> [Exercise requirements] Make an exact copy of every entry, leaving the pictures out.

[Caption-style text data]
___

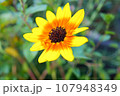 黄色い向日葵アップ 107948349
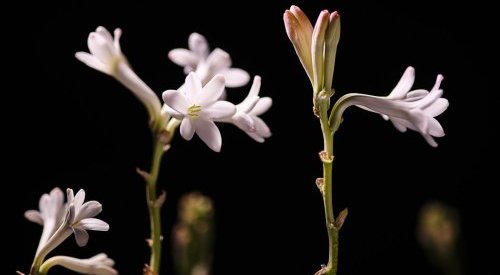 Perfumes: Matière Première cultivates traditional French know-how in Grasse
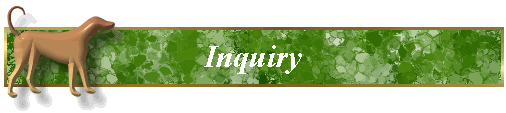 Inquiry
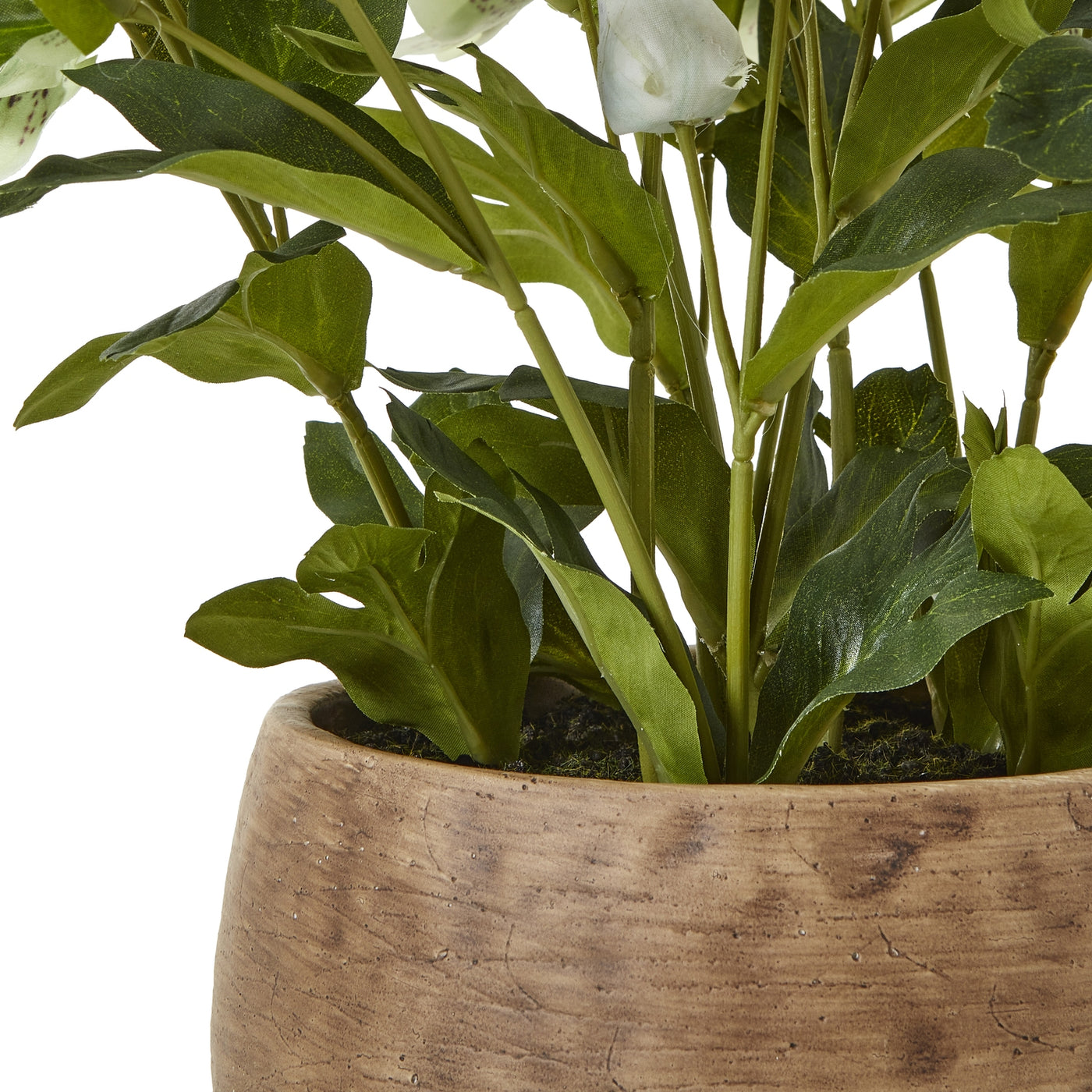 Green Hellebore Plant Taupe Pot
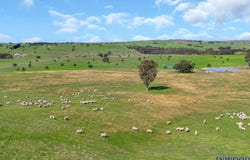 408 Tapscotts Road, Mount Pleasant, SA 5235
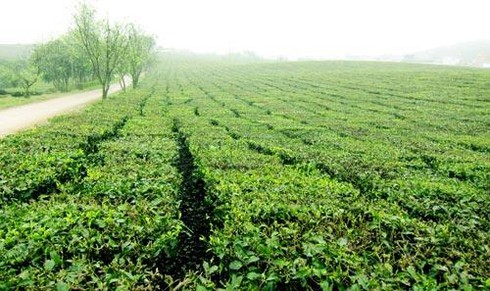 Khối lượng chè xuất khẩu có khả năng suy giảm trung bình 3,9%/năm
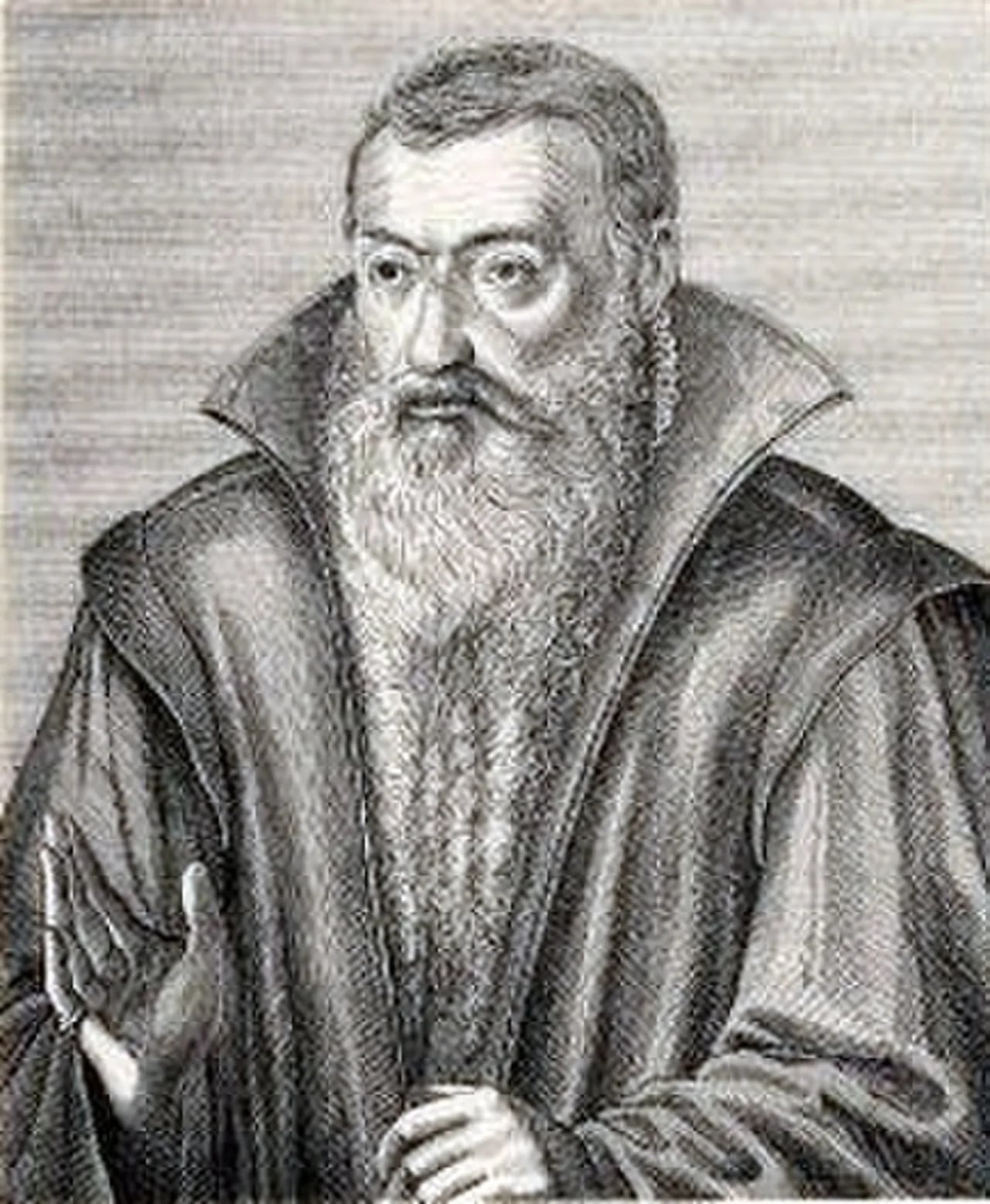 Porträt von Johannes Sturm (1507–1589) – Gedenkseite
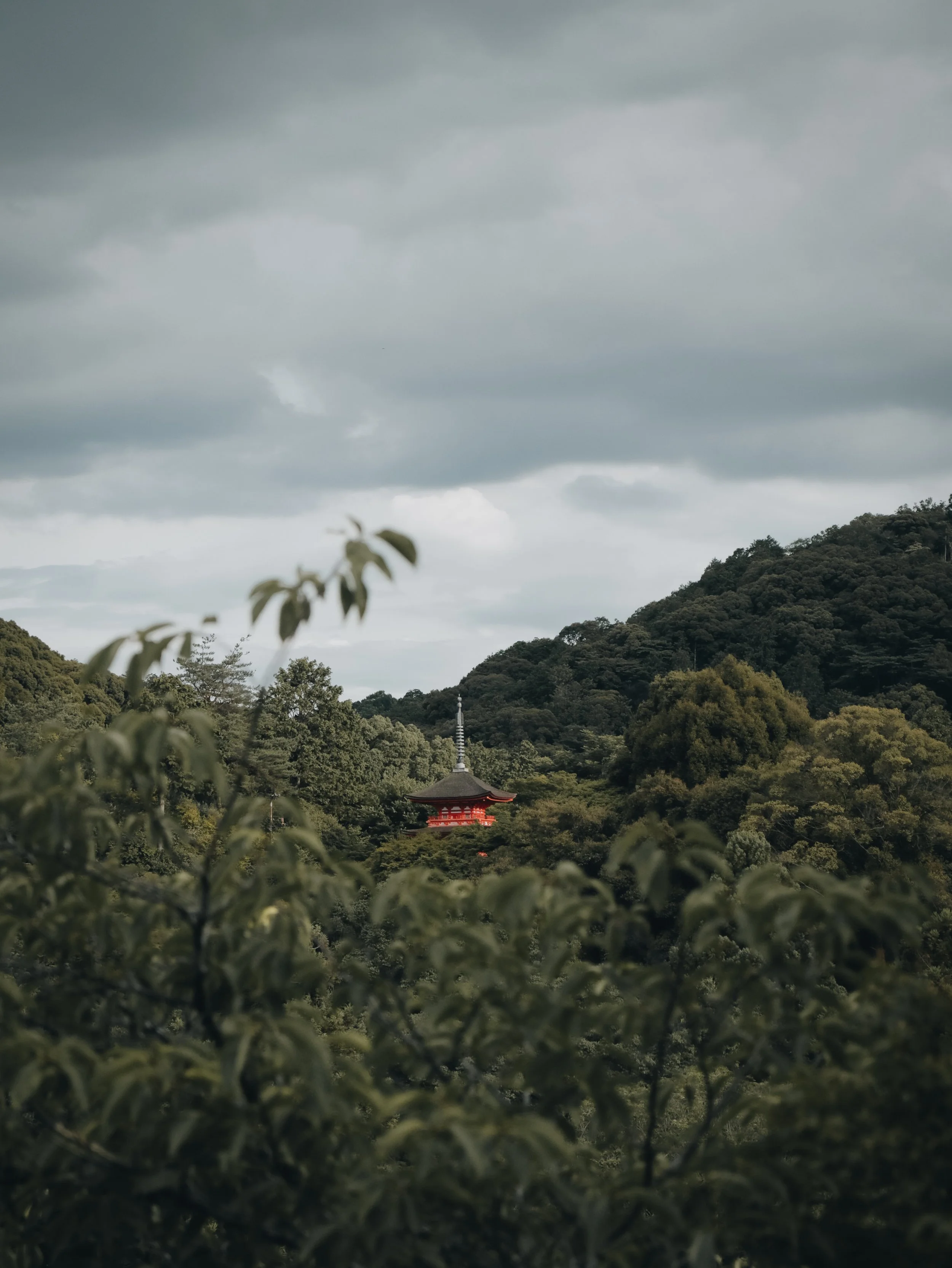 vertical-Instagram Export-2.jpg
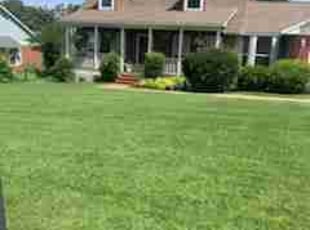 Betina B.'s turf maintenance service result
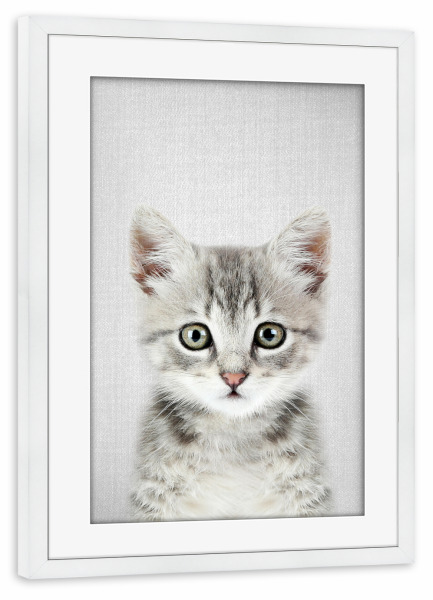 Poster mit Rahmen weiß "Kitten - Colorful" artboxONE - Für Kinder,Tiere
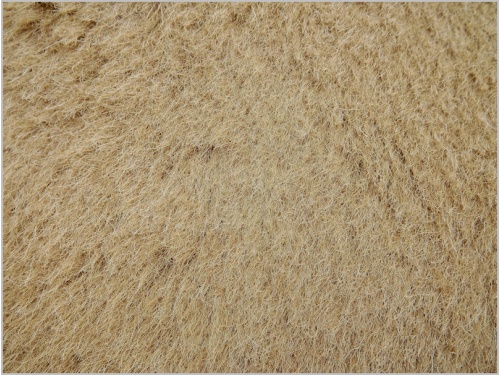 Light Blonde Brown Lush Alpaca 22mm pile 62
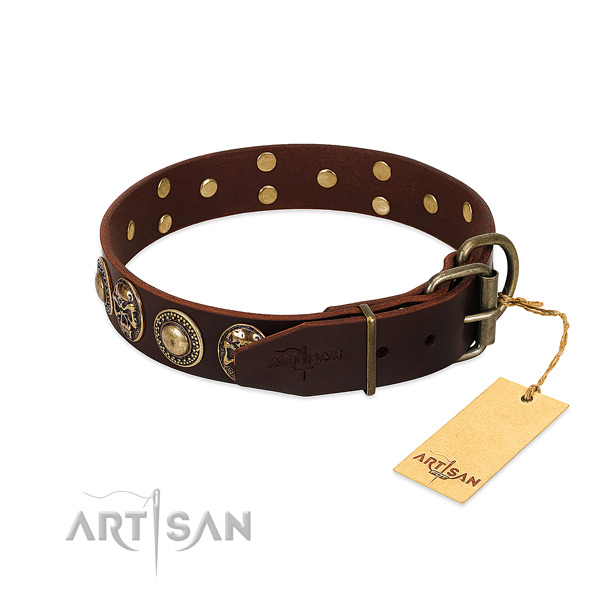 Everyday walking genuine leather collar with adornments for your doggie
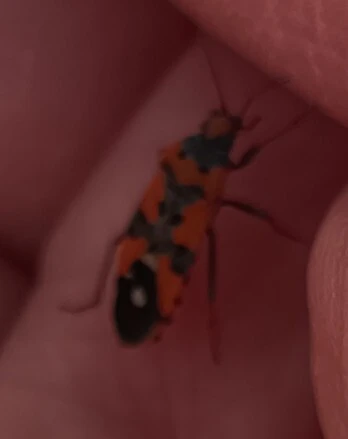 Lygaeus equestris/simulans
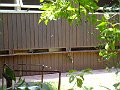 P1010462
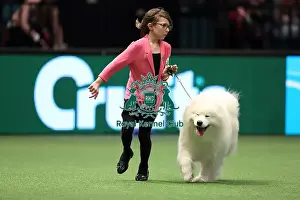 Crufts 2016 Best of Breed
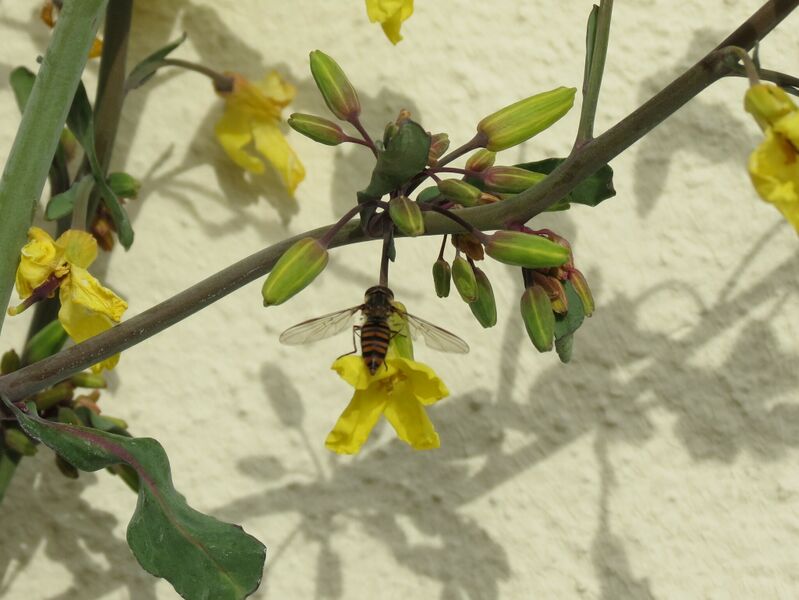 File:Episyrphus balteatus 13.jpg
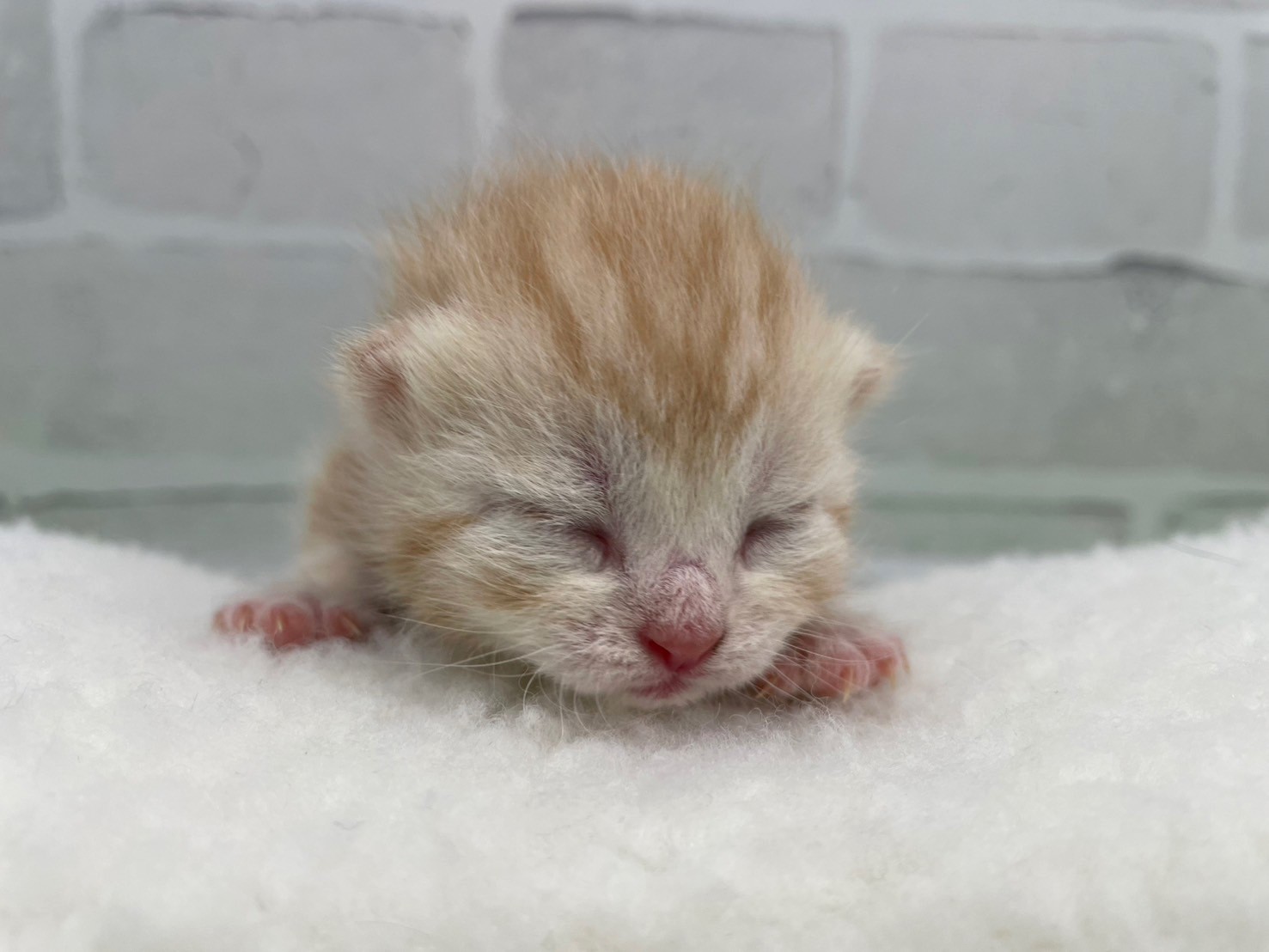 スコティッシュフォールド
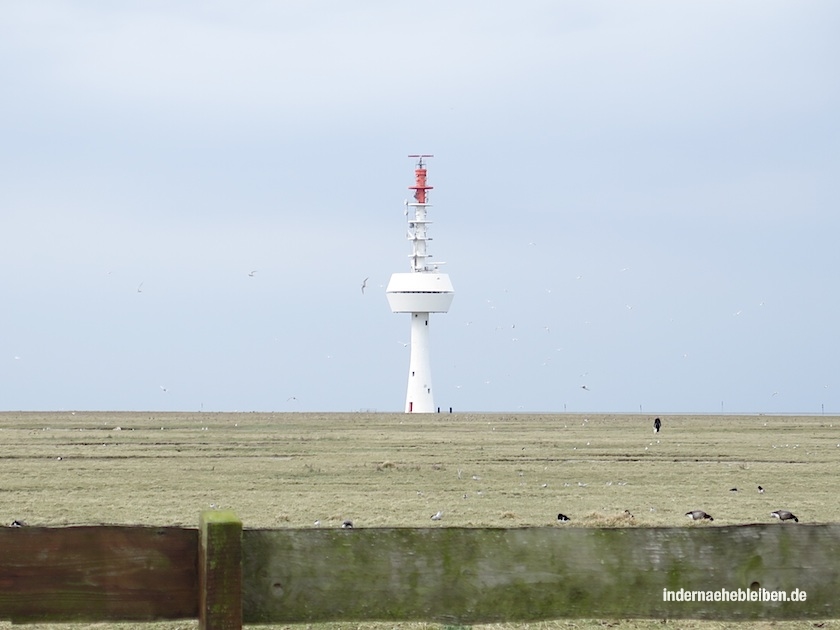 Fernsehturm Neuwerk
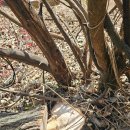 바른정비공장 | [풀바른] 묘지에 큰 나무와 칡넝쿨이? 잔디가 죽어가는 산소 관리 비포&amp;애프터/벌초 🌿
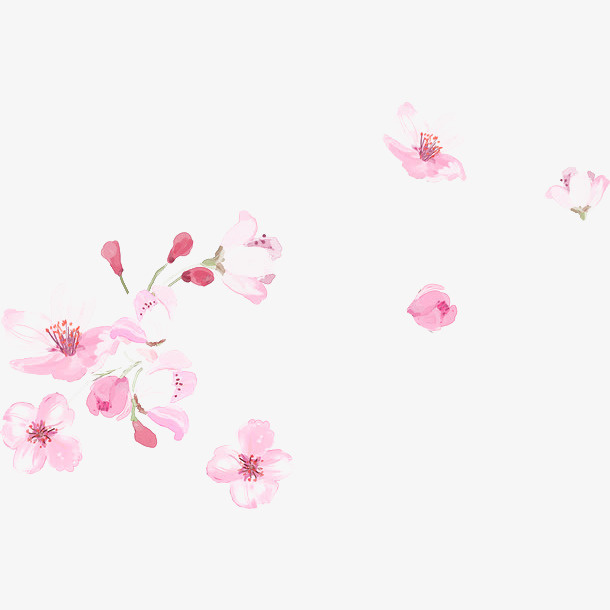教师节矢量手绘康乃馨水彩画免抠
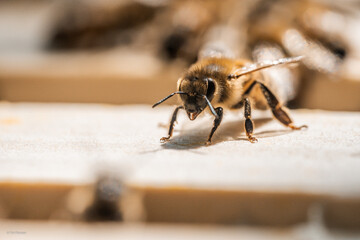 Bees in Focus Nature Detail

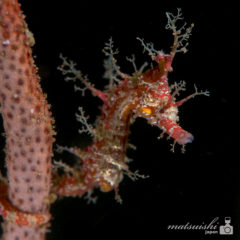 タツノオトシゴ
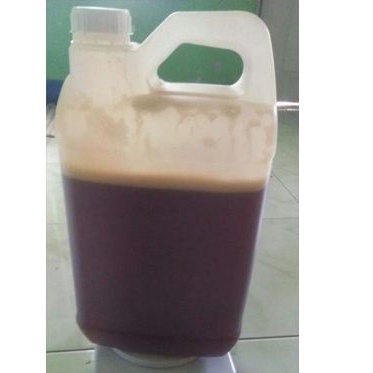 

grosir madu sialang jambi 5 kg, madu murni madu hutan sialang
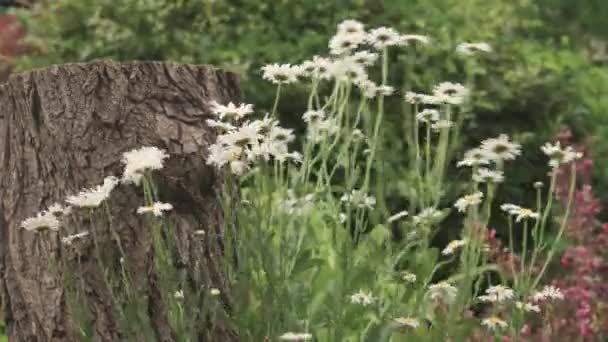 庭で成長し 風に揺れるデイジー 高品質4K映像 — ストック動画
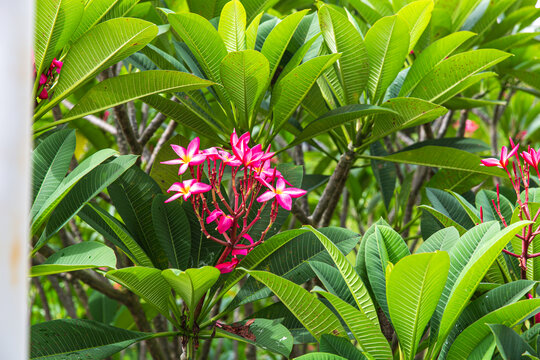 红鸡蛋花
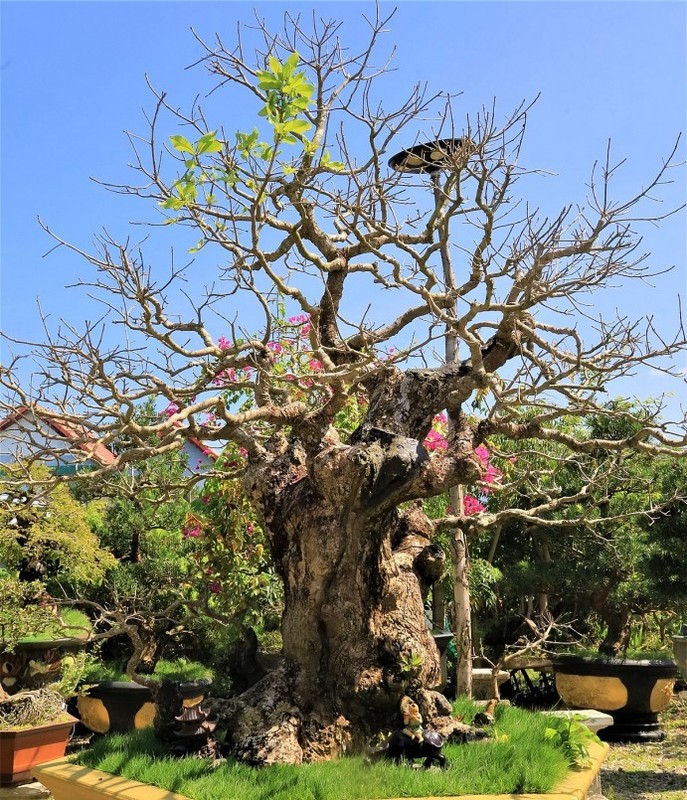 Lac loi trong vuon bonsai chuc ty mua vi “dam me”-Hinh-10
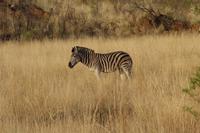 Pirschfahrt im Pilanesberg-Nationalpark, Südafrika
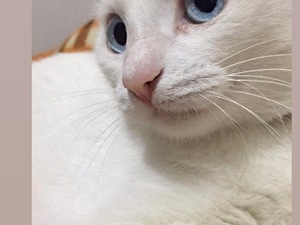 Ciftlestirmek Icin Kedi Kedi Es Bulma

___

> [Solution]
 黄色い向日葵アップ 107948349
 Perfumes: Matière Première cultivates traditional French know-how in Grasse
 Inquiry
 Green Hellebore Plant Taupe Pot
 408 Tapscotts Road, Mount Pleasant, SA 5235
 Khối lượng chè xuất khẩu có khả năng suy giảm trung bình 3,9%/năm
 Porträt von Johannes Sturm (1507–1589) – Gedenkseite
 vertical-Instagram Export-2.jpg
 Betina B.'s turf maintenance service result
 Poster mit Rahmen weiß "Kitten - Colorful" artboxONE - Für Kinder,Tiere
 Light Blonde Brown Lush Alpaca 22mm pile 62
 Everyday walking genuine leather collar with adornments for your doggie
 Lygaeus equestris/simulans
 P1010462
 Crufts 2016 Best of Breed
 File:Episyrphus balteatus 13.jpg
 スコティッシュフォールド
 Fernsehturm Neuwerk
 바른정비공장 | [풀바른] 묘지에 큰 나무와 칡넝쿨이? 잔디가 죽어가는 산소 관리 비포&amp;애프터/벌초 🌿
教师节矢量手绘康乃馨水彩画免抠
 Bees in Focus Nature Detail

 タツノオトシゴ

grosir madu sialang jambi 5 kg, madu murni madu hutan sialang
 庭で成長し 風に揺れるデイジー 高品質4K映像 — ストック動画
 红鸡蛋花
 Lac loi trong vuon bonsai chuc ty mua vi “dam me”-Hinh-10
 Pirschfahrt im Pilanesberg-Nationalpark, Südafrika
 Ciftlestirmek Icin Kedi Kedi Es Bulma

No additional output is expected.